_WORK REQUIRED_: Verbatim output of the lines below is required, with the images omitted.
DATA EXCERPTS Start Marker
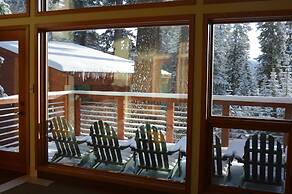 Montecito Sequoia Lodge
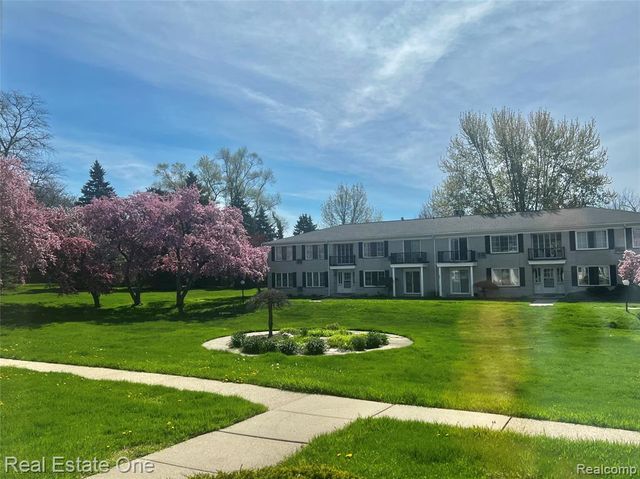 100 W Hickory Grove Road c1, Bloomfield Hills, MI 48304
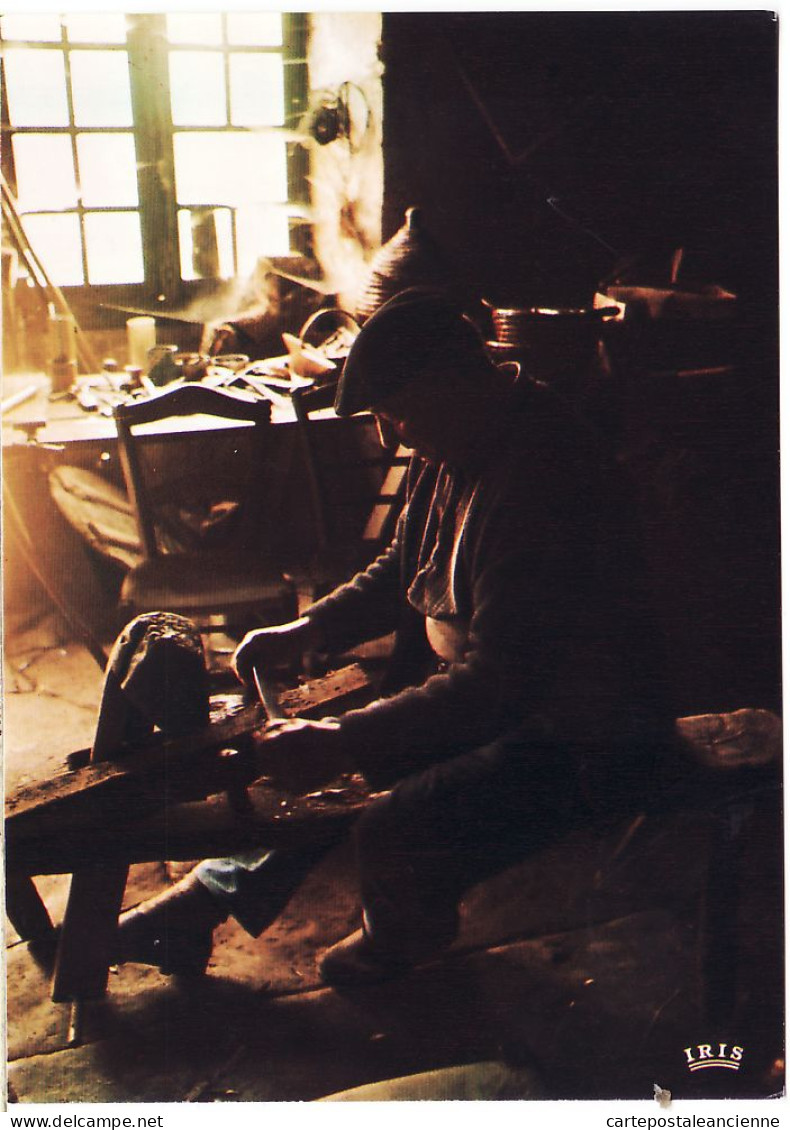 06281 / Midi-Pyrénées Le TONNELIER Douve Chene Chataignier Accacia Vin VIEUX METIERS 1980s- Photo VUILLIEZ CIGOGNE - Artisanat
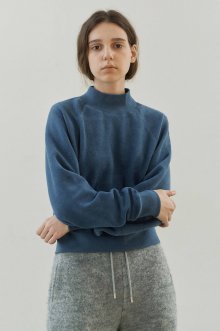 Soft crop sweatshirt (blue)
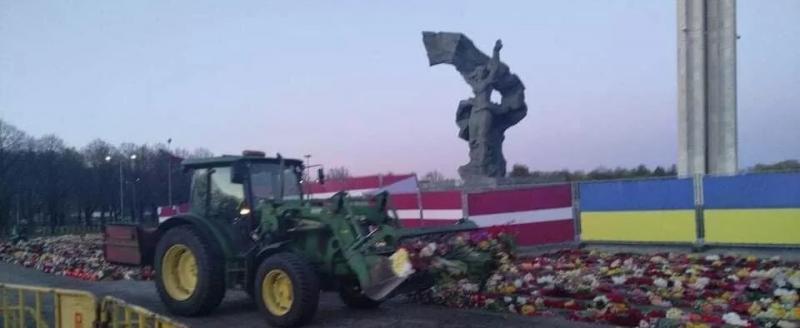 В Риге принесли новые цветы к памятнику освободителям взамен убранных бульдозером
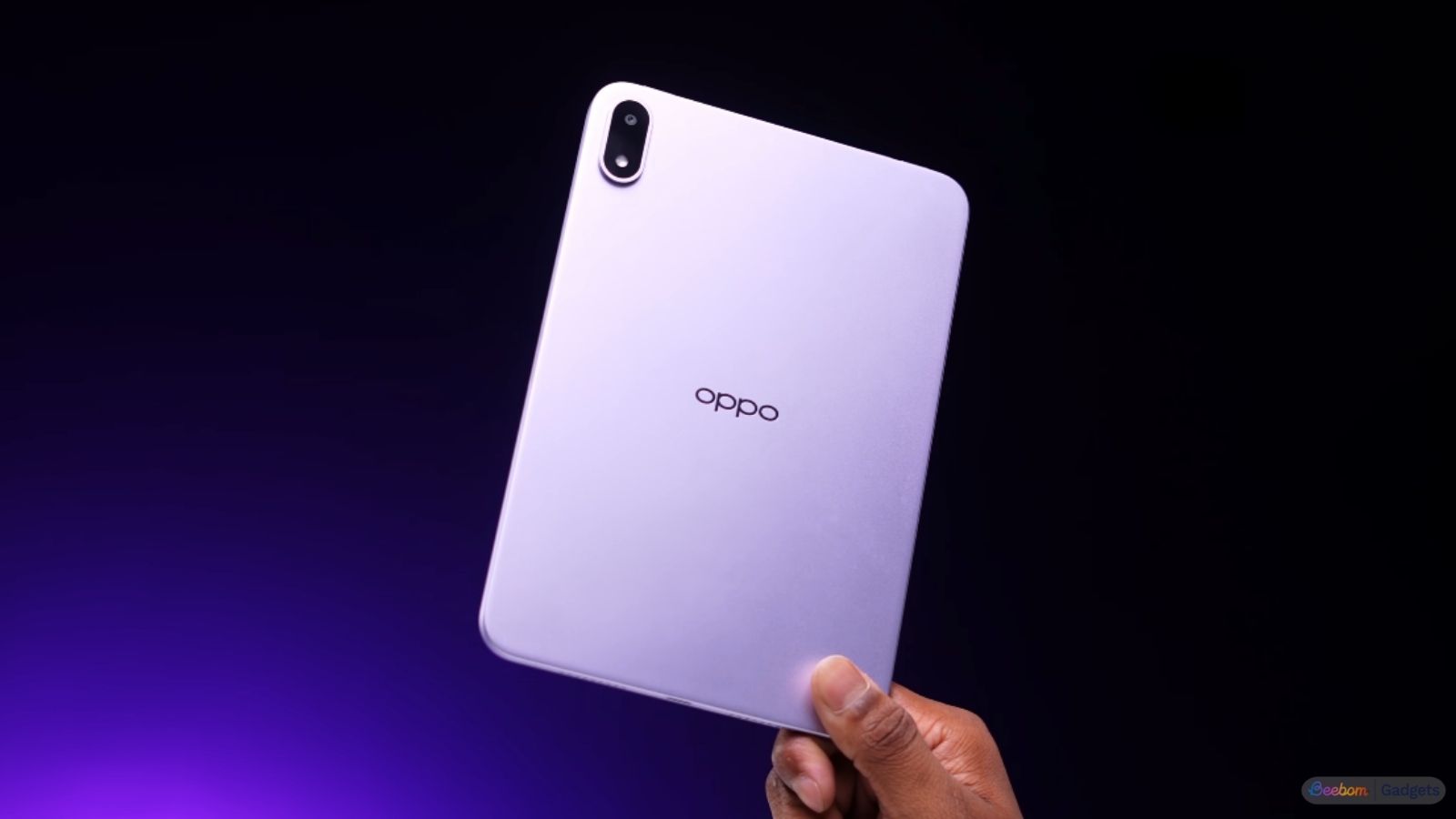 Oppo Pad Mini sleekness showcased while holding it with two fingers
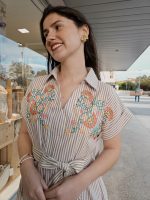 Vestido às Riscas Bege Com Bordado - Image 2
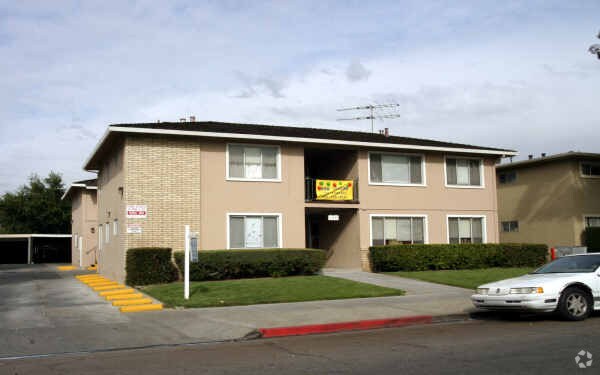 Building Photo - 3201 Cadillac Dr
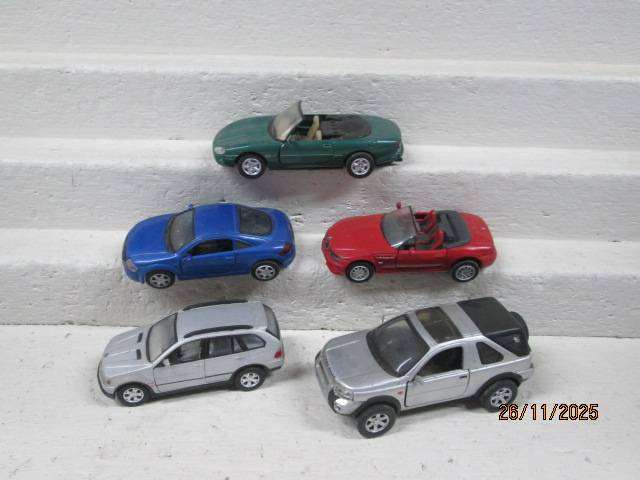 1:32 SCALE - VARIOUS DIE CAST MODELS - X5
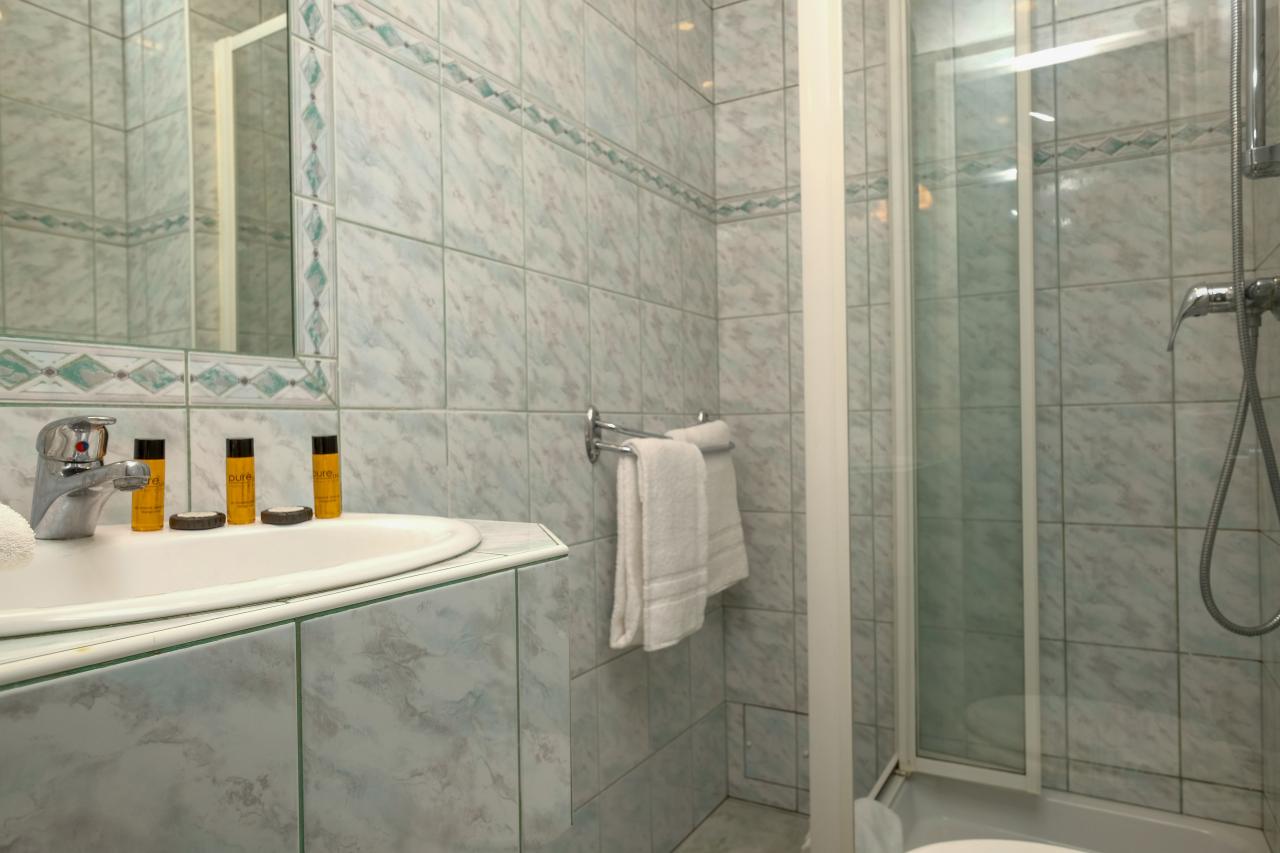 Hôtel du Centre Nice - salle de bain dans hôtel proche gare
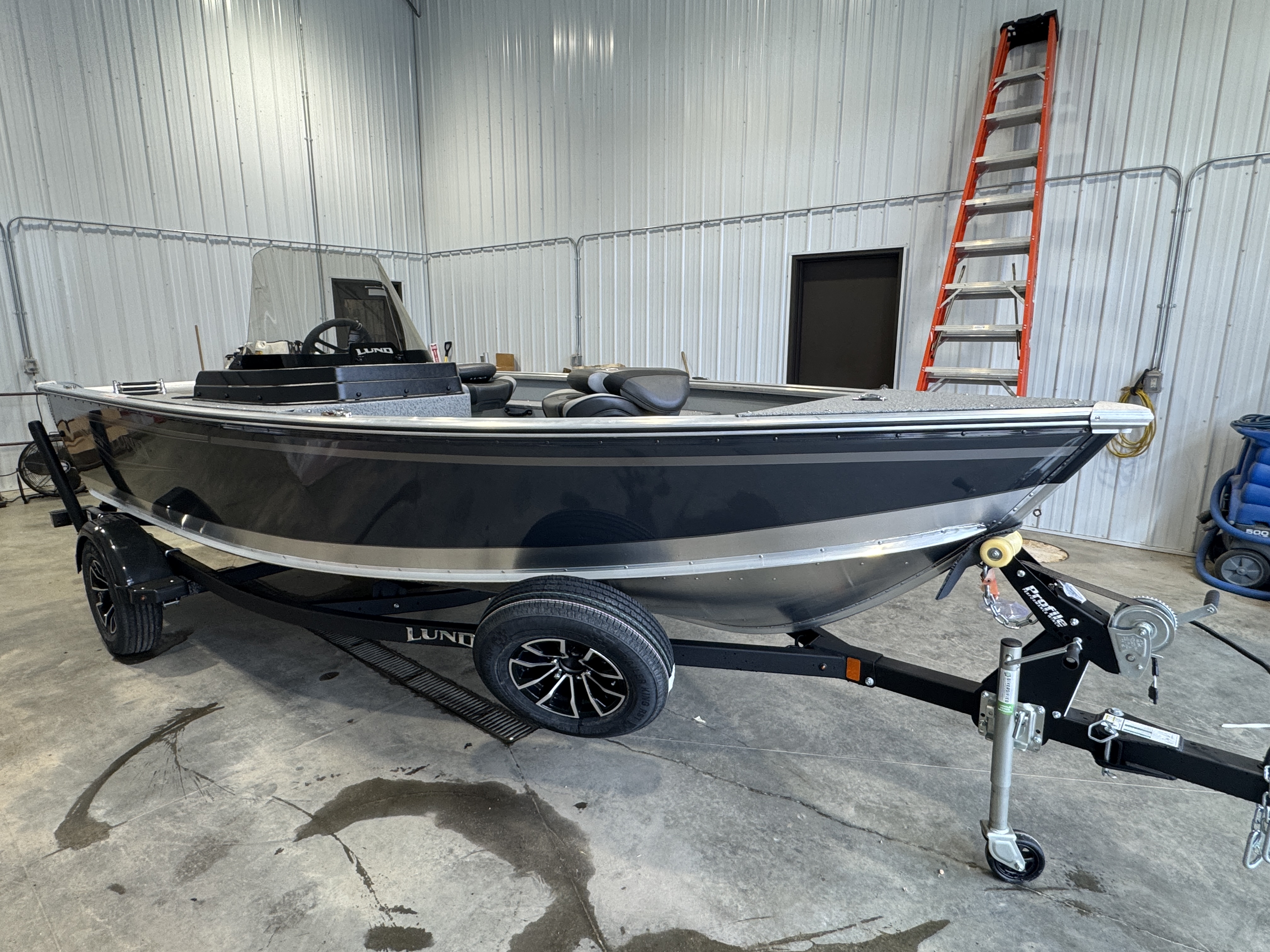 2027 LUND 1675 ALASKAN SS BOAT
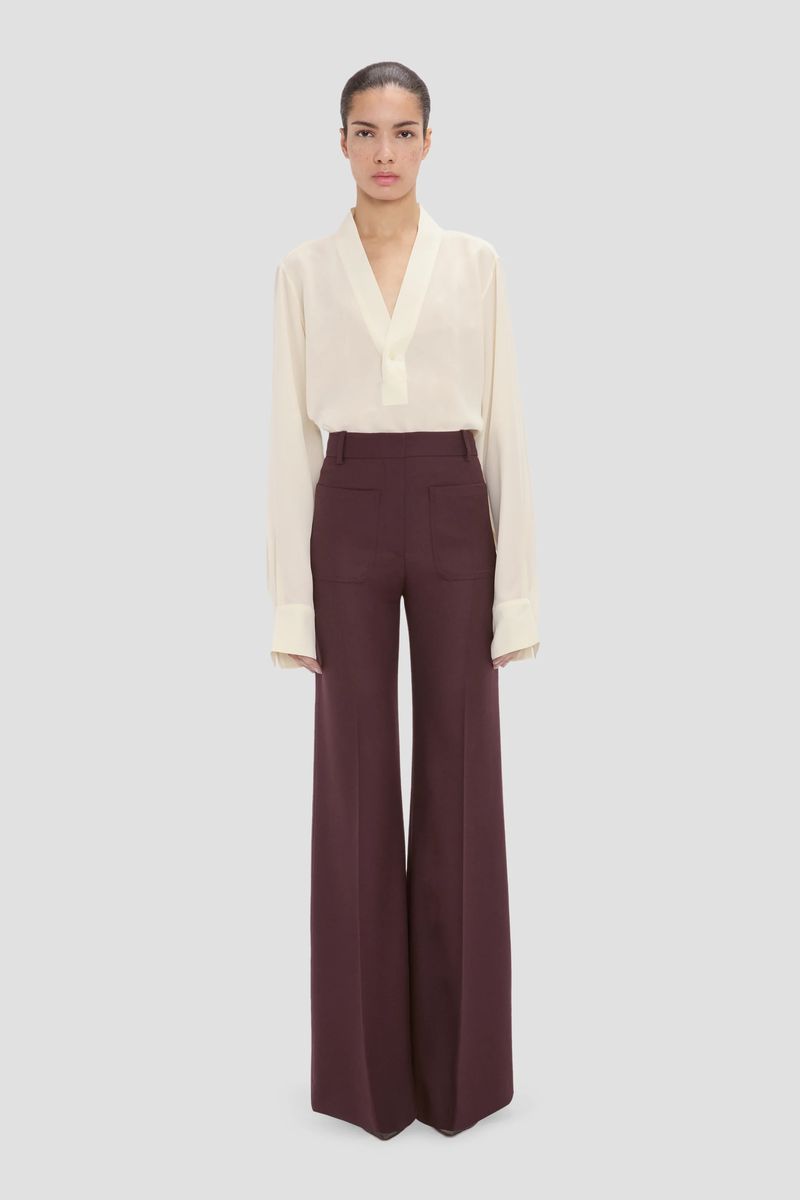 Taillierte Hose mit weitem Bein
DATA EXCERPTS End Marker
_EXERCISE RESPONSE_:
 Montecito Sequoia Lodge
 100 W Hickory Grove Road c1, Bloomfield Hills, MI 48304
 06281 / Midi-Pyrénées Le TONNELIER Douve Chene Chataignier Accacia Vin VIEUX METIERS 1980s- Photo VUILLIEZ CIGOGNE - Artisanat
 Soft crop sweatshirt (blue)
 В Риге принесли новые цветы к памятнику освободителям взамен убранных бульдозером
 Oppo Pad Mini sleekness showcased while holding it with two fingers
 Vestido às Riscas Bege Com Bordado - Image 2
 Building Photo - 3201 Cadillac Dr
 1:32 SCALE - VARIOUS DIE CAST MODELS - X5
 Hôtel du Centre Nice - salle de bain dans hôtel proche gare
 2027 LUND 1675 ALASKAN SS BOAT
 Taillierte Hose mit weitem Bein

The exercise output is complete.